Tuesday, February 21, 2017

Emir Sanusi plans to restrict polygamy, says it's connected to poverty and terrorism



The Emir of Kano, Muhammadu Sanusi II, says he would propose a law that restricts poor men in the emirate from marrying many wives.

Sanusi said this in Abuja on Sunday at the 50th anniversary of the death of Ambasador Isa Wali, a former Nigerian High Commissioner to Ghana who died on active duty on February 19, 1967.

The monarch said he had been able to establish a connection between polygamy, poverty and terrorism.

Sanusi said he would ensure that the law would be passed by the Kano State Government as a way of immortalising the late Wali who was one of the first northern elements to advocate gender equality.

He said, “Those of us in the North have all seen the economic consequences of men who are not capable of maintaining one wife, marrying four. They end up producing 20 children, not educating them, leaving them on the streets, and they end up as thugs and terrorists.

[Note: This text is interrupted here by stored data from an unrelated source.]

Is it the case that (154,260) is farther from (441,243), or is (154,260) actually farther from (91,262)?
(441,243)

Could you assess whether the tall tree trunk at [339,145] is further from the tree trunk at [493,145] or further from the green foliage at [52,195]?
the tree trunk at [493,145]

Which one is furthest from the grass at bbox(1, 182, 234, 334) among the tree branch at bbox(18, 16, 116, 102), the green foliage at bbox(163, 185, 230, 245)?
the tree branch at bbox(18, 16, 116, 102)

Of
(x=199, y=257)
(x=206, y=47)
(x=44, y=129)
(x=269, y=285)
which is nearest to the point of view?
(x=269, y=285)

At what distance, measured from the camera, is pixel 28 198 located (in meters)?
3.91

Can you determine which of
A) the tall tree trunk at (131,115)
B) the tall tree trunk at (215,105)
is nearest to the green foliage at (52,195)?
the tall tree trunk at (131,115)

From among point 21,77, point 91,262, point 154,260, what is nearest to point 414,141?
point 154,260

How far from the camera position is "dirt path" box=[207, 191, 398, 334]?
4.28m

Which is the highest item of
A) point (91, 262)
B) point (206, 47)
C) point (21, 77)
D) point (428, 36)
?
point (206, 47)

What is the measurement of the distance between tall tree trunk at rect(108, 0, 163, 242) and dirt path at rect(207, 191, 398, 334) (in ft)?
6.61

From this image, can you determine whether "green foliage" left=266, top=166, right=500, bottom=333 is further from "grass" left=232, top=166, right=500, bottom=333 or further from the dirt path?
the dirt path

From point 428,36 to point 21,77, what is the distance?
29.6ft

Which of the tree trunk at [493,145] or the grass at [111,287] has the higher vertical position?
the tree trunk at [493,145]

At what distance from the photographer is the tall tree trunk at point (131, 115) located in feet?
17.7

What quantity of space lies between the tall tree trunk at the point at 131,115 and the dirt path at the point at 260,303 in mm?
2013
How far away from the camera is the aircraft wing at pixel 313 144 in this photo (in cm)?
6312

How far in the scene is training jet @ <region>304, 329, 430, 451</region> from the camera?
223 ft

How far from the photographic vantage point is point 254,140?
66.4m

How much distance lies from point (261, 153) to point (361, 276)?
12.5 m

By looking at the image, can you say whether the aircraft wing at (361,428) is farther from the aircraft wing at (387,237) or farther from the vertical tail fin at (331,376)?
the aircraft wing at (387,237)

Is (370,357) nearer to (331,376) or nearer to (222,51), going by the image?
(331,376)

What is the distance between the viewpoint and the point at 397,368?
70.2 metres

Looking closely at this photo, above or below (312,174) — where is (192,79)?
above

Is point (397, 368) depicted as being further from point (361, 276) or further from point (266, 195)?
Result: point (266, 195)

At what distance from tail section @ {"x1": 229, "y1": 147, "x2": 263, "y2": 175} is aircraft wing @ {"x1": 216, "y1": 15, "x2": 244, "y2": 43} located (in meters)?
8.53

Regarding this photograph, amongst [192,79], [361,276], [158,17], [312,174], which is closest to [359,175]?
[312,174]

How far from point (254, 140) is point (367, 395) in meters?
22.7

“It is perhaps a tribute to Mallam Isa that today, as I speak, in the palace in Kano a sub-committee of scholars, which I set up and has been working for about a year, is finalising the final sections of a family law we intend to introduce in Kano which will address some of the issues that Mallam Isa was concerned about.

“The law will address what Islam says on marriage, it will outlaw forced marriages, it will make domestic violence illegal, it will put in conditions that you need to fulfil before you can marry a second wife, it will spell out the responsibilities of a father beyond producing a child.

“It is a big law which covers a whole range of issues from consent to marriage, to maintenance to divorce, to maintenance of children and inheritance. It will be the first time in northern Nigeria that a Muslim law on personal status will be codified.”

Sanusi, who said there was nothing wrong with polygamy if it was practised properly, maintained that women must be given the opportunity to thrive.

The emir said his late predecessor, Ado Bayero, as well as all the princes in Kano were trained in Islamic studies by Wali’s grandmother.

He, therefore, argued that since women were responsible for shaping the lives of future kings in Kano, they were equally qualified to do greater things.

Also speaking, the acting President, Prof. Yemi Osinbajo, eulogised the late Wali for challenging social conventions during his time.

According to Osinbajo, it takes courage to challenge the norm in a conservative society.

He said Nigerians need men like Wali who have integrity and the audacity to evoke social change.

Also speaking, a former military Head of State, Gen. Yakubu Gowon(retd.), praised Wali for his sterling performance in Ghana while he was the Nigerian High Commissioner.

Gowon noted that when the January 15, 1966 coup took place, many of the coup plotters fled to Ghana where the then Ghanaian President, Kwame Nkrumah, gave them protection.

He said Wali was one of those who ensured that the coup plotters were deported to Nigeria to face justice.

A former Foreign Affairs Minister and friend of the deceased, Ambassador Ignatius Olisaemeka, said there was a need for the foreign service to be independent of the Civil Service Commission.

He revealed that the pension of a retired career diplomat was N100,000 a month which he described as shameful.

A former minister and former Permanent Representative to the United Nations, Alhaji Maitama Sule, who was also the best man at the wedding of the deceased, said it was unfortunate that despite having some of the most talented people in the world, Nigeria had failed to develop.

Sule said Nigeria strongly needed good leaders like the founding fathers who put public interest ahead of theirs.